I'm writing about my Mohawk ancestor Ots-Toch as part of Amy Crow's Challenge: 52 Ancestors in 52 Weeks . Ots-Toch was my 9th great-grandmother and I've written about her in my book on the Van Slyke family of New Netherland (New York).
After researching her extensively, I was able to obtain my Metis status in Ontario. Luckily she is written about in contemporary records and thus proving my Native American heritage was possible.
In 2009 I submitted DNA kits to different companies for both myself, my brother and my son. Our Native American ancestry was confirmed through DNA which was like icing on the cake.
My book The Van Slyke Family in America: A Genealogy of Cornelise Antonissen Van Slyke, 1604-1676 and his Mohawk Wife Ots-Toch, including the story of Jacques Hertel, 1603-1651, Father of Ots-Toch and Interpreter to Samuel de Champlain REVISED EDITION was published May 2010 and is out of print.
However a 3rd edition is now available. It contains 30+ years of research. "New Netherland Settlers Van Slyke Family: Cornelis Antonissen Van Slyke 1604-1676 & his French-Mohawk Wife Ots-Toch" 366 pages, over 1200 footnotes available on Amazon
Caveat: In the theories of Ots-Toch's heritage, please take the use of the word "princess" with a grain of salt. It was common for 19th century writings to romanticize Native American women in particular, assigning daughter of a chief status to them.
There are two prevalent theories of Ots-Toch's heritage,
one that she was a full-blooded Mohawk of the Turtle Clan, the daughter of a Mohawk chief or Sachem. [FN 1] The second theory is that Ots-Toch was the daughter of a French man Jacques Hertel and a full-blooded Mohawk Princess.
Ots-Toch was in fact fathered by Jacques Hertel, a French interpretor to Samuel de Champlain.

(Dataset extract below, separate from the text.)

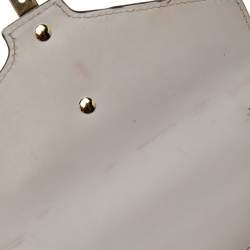 Pre Owned Gucci White Leather Mini Sylvie Animal Studded Top Handle Bag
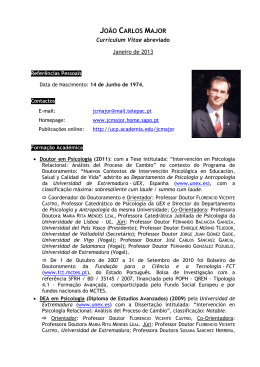 CV - Jo&atilde;o Carlos Major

It is not known who her Mohawk mother was.
There were many original records pertaining to Ots-Toch. As an example here is one given in my book as found in land records of 1713 for Harmen Van Slyke, grandson of Ots-Toch.
Harmen was a Captain in a Schenectady Company in 1714 and an Indian trader in 1724. He received a grant of 300 morgens of land at Canajoharie NY from the Mohawks because
"his grandmother was a right Mohawk woman" and "his father born with us at Canajoharie".
His father was Jacques Cornelise, son of Ots-Toch, the half French, half Mohawk woman who married Cornelis Antonissen Van Slyke.
The deed was conveyed 12 Jan. 1713 and consisting of 2000 acres, stated:
"in consideration of ye love, good will and affection which we do bear toward our loving cozen and friend Capt. Harmon Van Slyke of Schenectady, aforesaid, whose grandmother was a right Mohawk squaw and his father born with us in the above said Kanajoree [Canajoharie].......it being his the said Harmen Van Slyke's by right of inheritance from his father"
Little is known of the wife of Cornelis Van Slyke although she was written of by the Dutch minister Jasper Dankaerts when he visited Schenectady and spoke with her son Jacques and daughter Hilletie.
Her name, Ots-Toch, is clouded in controversy, with some writing it as Alstock. One word in the Mohawk language which may provide a clue to her name is "Otsihsto" meaning "the stars". "Otsihsto" is pronounced so that the sound is similar to "Asistock". It must be remembered that her name was recorded phonetically from verbal accounts and it is possible that Otsihsto is the correct interpretation of Ots-Toch's name.
It is important that descendants understand that in my book I have chosen to use the name Ots-Toch as that has come down through history. Included in the book is my chapter discussing the loss of her through time and why I chose to use the name Ots-Toch to represent her.
The use of the word "Princess" would imply that Ots-Toch's mother was the daughter of the Sachem or chief of her tribe but I have found NO evidence to support this romantic version of her parentage.
According to Nelson Greene and other sources, Ots-Toch was "wild and savage like her mother". Ouida Blanthorn, in her genealogy of Cornelis Van Slyck and his descendants written 1973, states that Ots-Toch was a "half-French, half-Indian maiden of compelling grace and beauty, whose mother was a Mohawk princess [sic] and whose father, Jacques Hartell [sic] was a French trader."
Note: Greene and Blanthorn are not contemporary sources and as such must be treated cautiously as primary sources are sought to verify or disprove these statements.